[Collection entries]
# # # # #
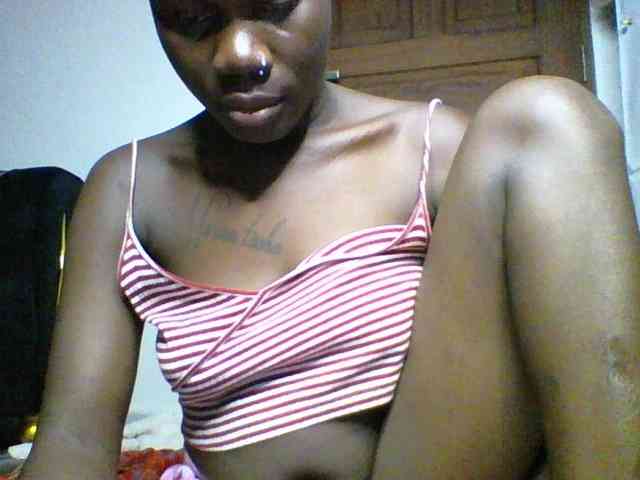 Sweetchocolate webcam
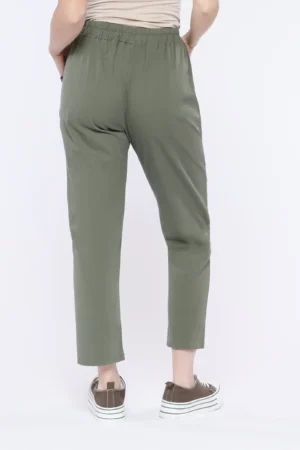 PANTALONE comodo con elegante gabardina interna al girovita laccetto di chusura e risvolti alle caviglie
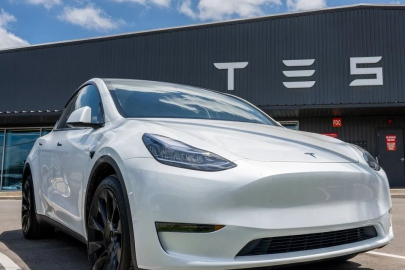 Tesla satışları dibe vurdu!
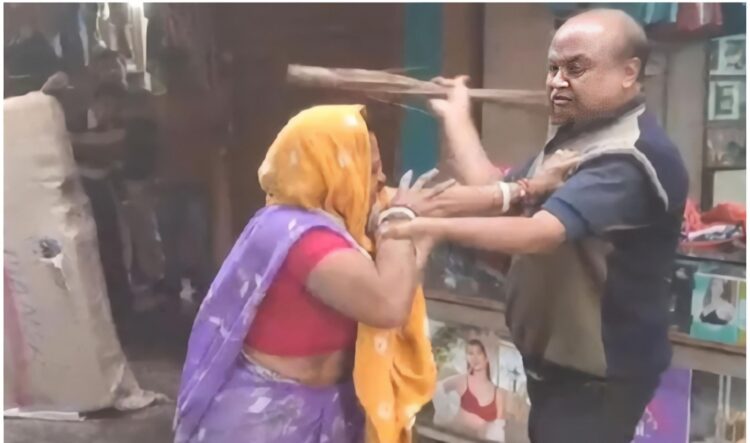 एक कपड़ा व्यवसायी ने एक महिला सफाईकर्मी के साथ झाड़ू से मारपीट की !
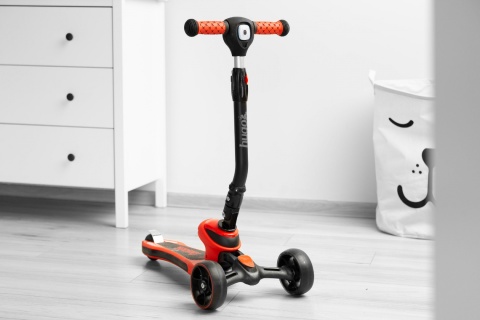 Hugo hulajnoga 3-kołowa trójkołowa Toyz by Caretero - RED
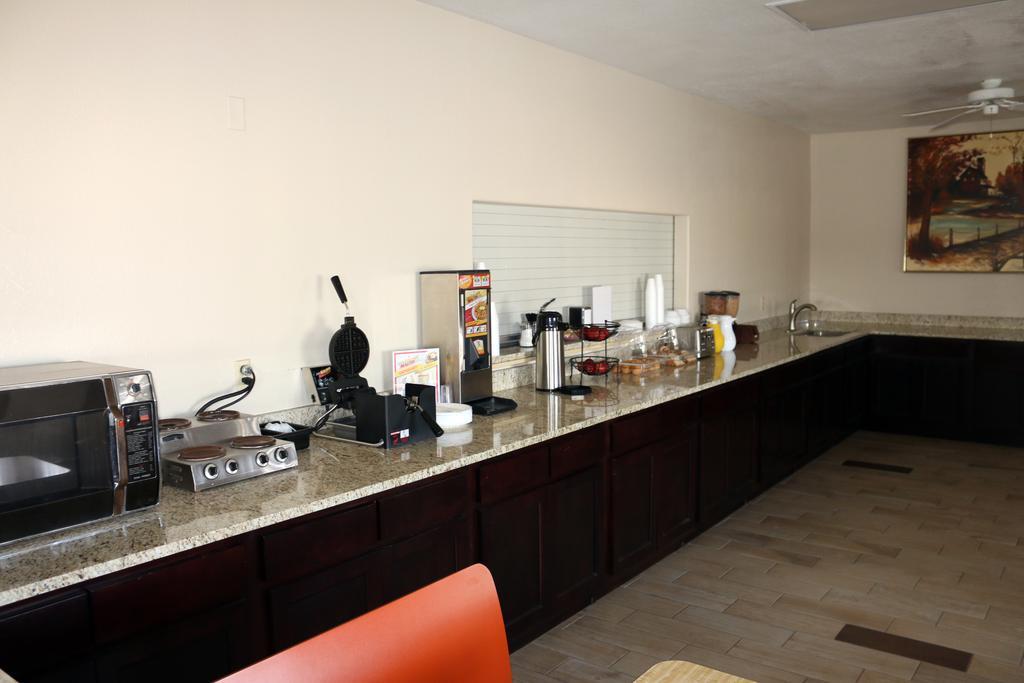Great Western Inn & Suites Карлсбад Екстериор снимка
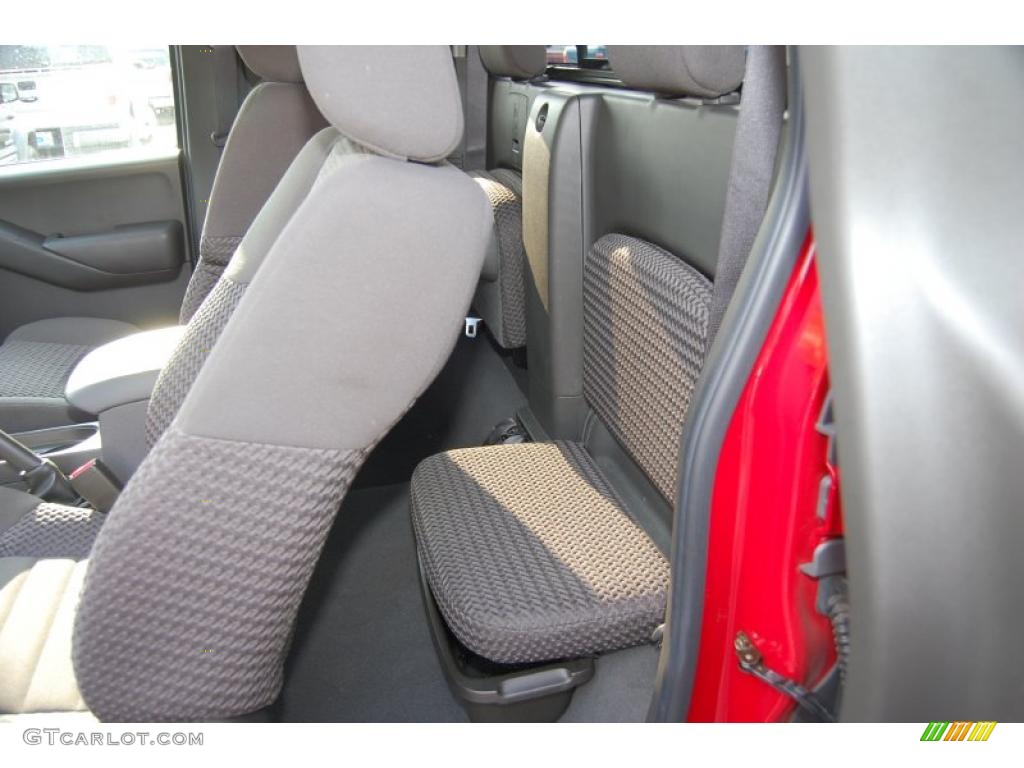 Charcoal Interior 2007 Nissan Frontier SE King Cab Photo #41869061
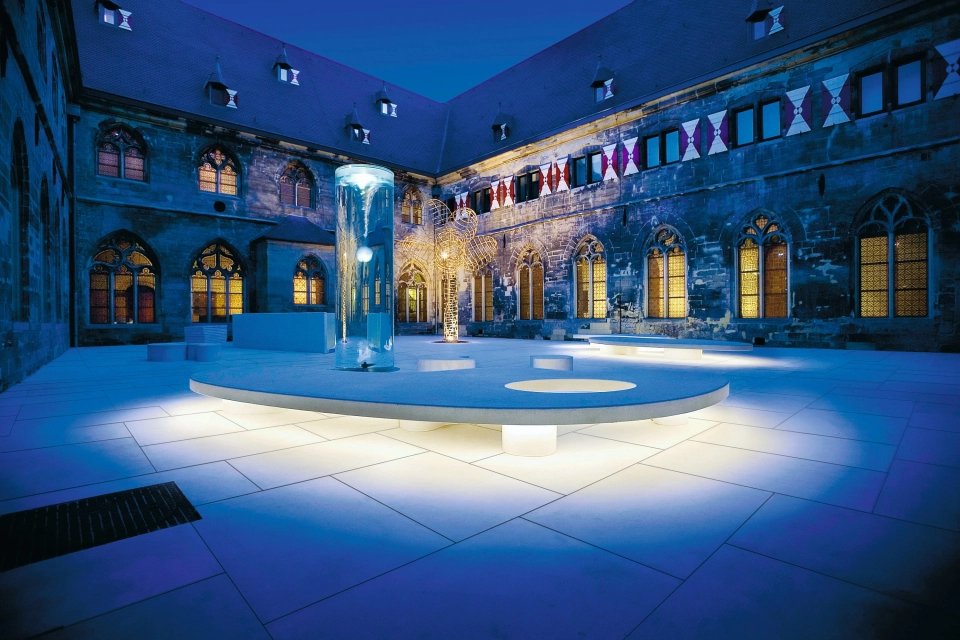 benches hotel inner courtyard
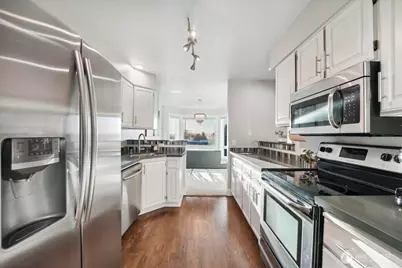 10834 NE 68th St #B6, Kirkland, WA 98033 - Photo 11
# # # # #
**AIM OF THE TASK:** Produce a verbatim copy of every entry, excluding pictures.

**RESPONSE TO THIS TASK:**
 Sweetchocolate webcam
 PANTALONE comodo con elegante gabardina interna al girovita laccetto di chusura e risvolti alle caviglie
 Tesla satışları dibe vurdu!
 एक कपड़ा व्यवसायी ने एक महिला सफाईकर्मी के साथ झाड़ू से मारपीट की !
 Hugo hulajnoga 3-kołowa trójkołowa Toyz by Caretero - RED
Great Western Inn & Suites Карлсбад Екстериор снимка
 Charcoal Interior 2007 Nissan Frontier SE King Cab Photo #41869061
 benches hotel inner courtyard
 10834 NE 68th St #B6, Kirkland, WA 98033 - Photo 11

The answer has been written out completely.